A key component of supply chain continuity in our digital, fast-paced age is the combination of all demand, supply, labour, slotting and automation into a precision instrument of efficiency across every facility in the network, regardless of physical size, velocity or volume. If done right, it can transform what a distribution facility is capable of by an order of magnitude.
Sounds complicated right? Luckily help is at hand in the form of Manhattan Active Warehouse Management. This version-less, micro-service architected software never needs upgrading, meaning grocery teams can focus on the quality of products and experiences, rather than systems.
While the warehouse and distribution centre stage of supply chain continuity might not appear quite as glamorous as a flashy, online omnichannel suite of applications, it is however, arguably the most critical of the three stages for retailers and none more so than the grocery industry which deals with so much perishable produce.
Well begun is only half finished however, and the final piece of the supply chain continuity puzzle for grocery comes from the transportation and actual delivery of goods, be that at a wholesale or individual consumer level.
From warehouse floor, to store and door
The boom in ecommerce over 2020 saw more items and more vehicles moved, more often than ever, making it hard for even the most experienced shippers to plan and execute plans.
A lack of transportation visibility, volatile fuel prices, reduced capacity, new tariffs, governmental regulations and international lockdown protocols, have all had a hand in higher costs and more pressure on already squeezed margins.
Transport management systems therefore need to become more flexible and responsive to price and service pressures in order to harmonise inbound and outbound logistics management and carrier management resulting from the increasing demands weighed upon them by omnichannel customer expectations.
This means that optimisation is no longer just an issue for large global carriers and shippers.
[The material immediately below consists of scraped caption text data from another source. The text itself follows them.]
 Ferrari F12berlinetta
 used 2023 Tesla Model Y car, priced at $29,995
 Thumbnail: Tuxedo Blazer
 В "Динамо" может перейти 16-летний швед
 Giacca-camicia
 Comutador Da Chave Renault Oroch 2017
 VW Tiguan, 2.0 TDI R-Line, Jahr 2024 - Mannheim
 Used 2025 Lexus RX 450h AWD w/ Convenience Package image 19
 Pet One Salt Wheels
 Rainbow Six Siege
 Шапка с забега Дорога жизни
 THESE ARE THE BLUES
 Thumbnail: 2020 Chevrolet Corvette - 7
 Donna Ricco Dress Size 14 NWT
The changes in consumer delivery expectations, the reduction in store sizes, and the effort to reduce safety stocks have created a ‘just-in-time’ expectation of transportation that affects every brand today, big or small, regardless of location.
In 2021 with the recent Terra Carta initiative, the US signalling it will re-join the Paris Climate Accord and COP26 in the UK in November, the battle between profitability versus sustainability is well and truly on. In the current era of next-day fulfilment, organisations that embrace optimisation will not only increase profitability, but also lower carbon footprints and promote more sustainable development, in the process reaping long-term rewards.
So, what does that all mean for a modern transportation management system? In short, the systems of today (and tomorrow) will have to juggle a lot more moving parts than their predecessors.
From strategic analysis, procurement, and operational planning to execution, visibility, and freight payment or claims, when you optimise for less mileage, less time in traffic, and more efficiently loaded vehicles, you minimise costs, maximise profitability and drive sustainability – that can only be a win-win for brands, consumers and the planet overall!
Supply chain continuity has always been critical, but the events of 2020 have shone a spotlight on this area of global commerce like never before.
From omnichannel capabilities, to smarter warehousing and more efficient, greener transportation management solutions, the components that ensure supply chain continuity today are certainly complicated. However, the payoffs and efficiencies (monetarily and from an environmental perspective) they are driving today will be of pivotal importance to grocery brands looking to meet the shifting demands of tomorrow’s consumers, stay in the black and go green all at the same time.